Der Vorstandsvorsitzende der Daimler AG, Dieter Zetsche, spricht auf der Hauptversammlung des Konzerns in Berlin Foto: AP

Der chinesische Großaktionär verunsichert die übrigen Daimler-Anleger. Mit gutem Grund, meint Harry Pretzlaff. Es sei nur schwer vorstellbar, dass dieser sehr aktive Konzernschmied sich auf Dauer bei Daimler bescheiden zurückhält.

Stuttgart - Der neue größte Aktionär von Daimler glänzte auf der Hauptversammlung des Autokonzerns durch Abwesenheit. Der chinesische Milliardär und Chef des Konzerns Geely Li Shufu, der seit Kurzem fast zehn Prozent der Anteile hält, schickte einen Vertreter zum Aktionärstreffen in Berlin. Bei den Anteilseignern hat dieser überraschende Einstieg zu Recht zahlreiche Fragen aufgeworfen. Sie machen sich Sorgen, dass der Investor nicht nur an Dividenden und steigenden Aktienkursen interessiert ist, sondern das Stuttgarter Unternehmen als Vehikel für den weiteren Ausbau seines eigenen Fahrzeugimperiums einspannen könnte.
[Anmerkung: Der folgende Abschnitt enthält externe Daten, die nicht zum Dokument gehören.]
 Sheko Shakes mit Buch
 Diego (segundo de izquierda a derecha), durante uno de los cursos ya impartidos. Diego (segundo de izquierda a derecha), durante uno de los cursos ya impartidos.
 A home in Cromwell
Zetsches Aussagen lassen Raum für Spekulationen

Daimler-Chef Dieter Zetsche hat auf der Hauptversammlung wie schon auf dem Genfer Autosalon Anfang März betont, dass der chinesische Investor in erster Linie Aktionär sei. Alles andere werde man prüfen. Eine industrielle Zusammenarbeit werde man ausloten. Eine Kooperation in China werde von vornherein jedoch nur zustande kommen, so der Daimler-Chef, wenn die bisherigen dortigen Daimler-Partner BAIC und BYD damit einverstanden wären.
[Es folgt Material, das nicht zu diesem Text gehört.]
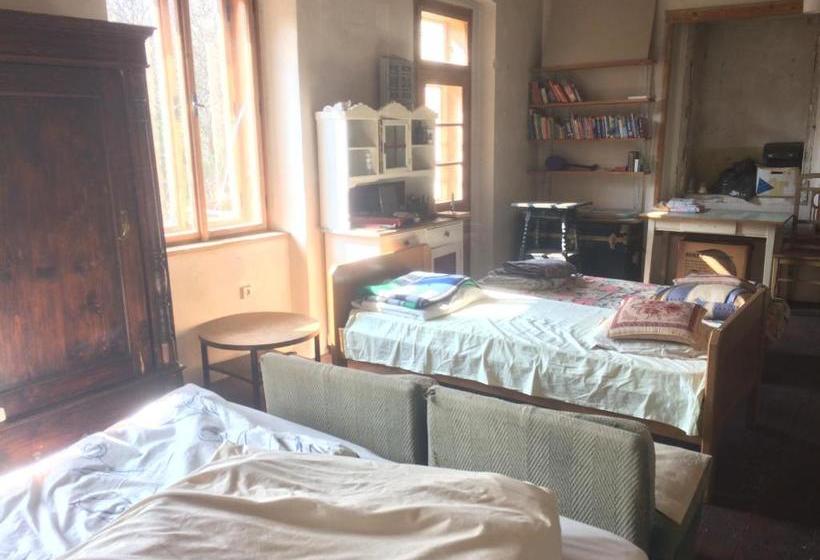 تختخواب و صبحانه Cesta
Dies lässt jedoch viel Raum für Spekulationen und zeigt zugleich das Risiko, das für Daimler in dem Engagement des neuen Aktionärs aus der Volksrepublik steckt, denn für Li Shifu dürfte der Reiz groß sein, den weltweit größten Premiumhersteller zur Stärkung seiner eigenen Firmen einzusetzen. Dies könnte jedoch zu einem Konflikt mit den bisherigen China-Partnern führen. Zwar gibt ihm eine Beteiligung von zehn Prozent noch nicht das Recht, auf Mitsprache zu pochen, aber eine Aufstockung ist nicht ausgeschlossen, zumal die Aktien bei den derzeitigen Kursen recht günstig zu haben sind.
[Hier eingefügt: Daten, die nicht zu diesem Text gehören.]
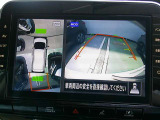 【アラウンドビューモニター】空から見下ろした映像がナビ画面にて確認可能です。駐車もラクラクですよ♪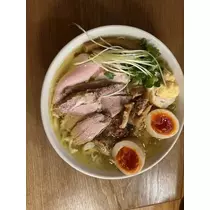 美波 ななみ
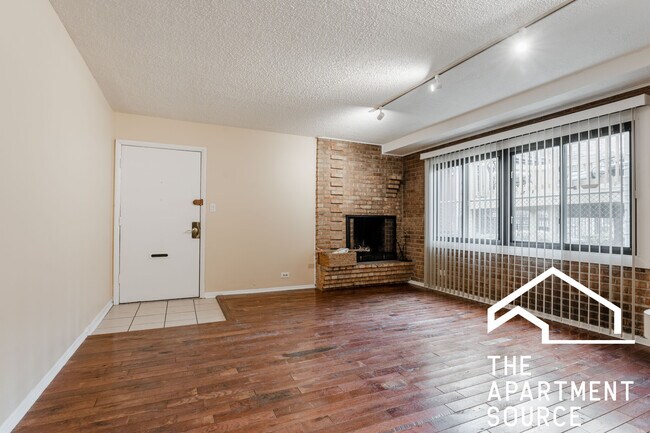 Building Photo - 715 W Diversey Pkwy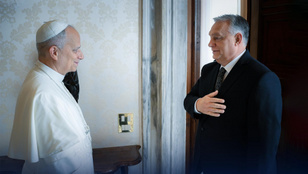 Kiszúrtunk valamit Orbán Viktor vatikáni fotóján, ez a háttér sokat elárul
Die Engagements fügen sich wie Puzzlestücke zusammen

Der chinesische Milliardär hat im Laufe der Jahrzehnte nicht nur Geely zu einem großen Autobauer aufgebaut, sondern auch den Pkw-Hersteller Volvo gekauft, ebenso eine Beteiligung am Nutzfahrzeughersteller Volvo erworben wie eine ganze Reihe weiterer Fahrzeugbauer. All diese Engagements erscheinen wie Puzzlestücke, die mit deutscher Hilfe zu einem ganzen Bild zusammengefügt werden könnten. Es ist nur schwer vorstellbar, dass dieser sehr aktive Konzernschmied sich auf Dauer bei Daimler bescheiden zurückhält.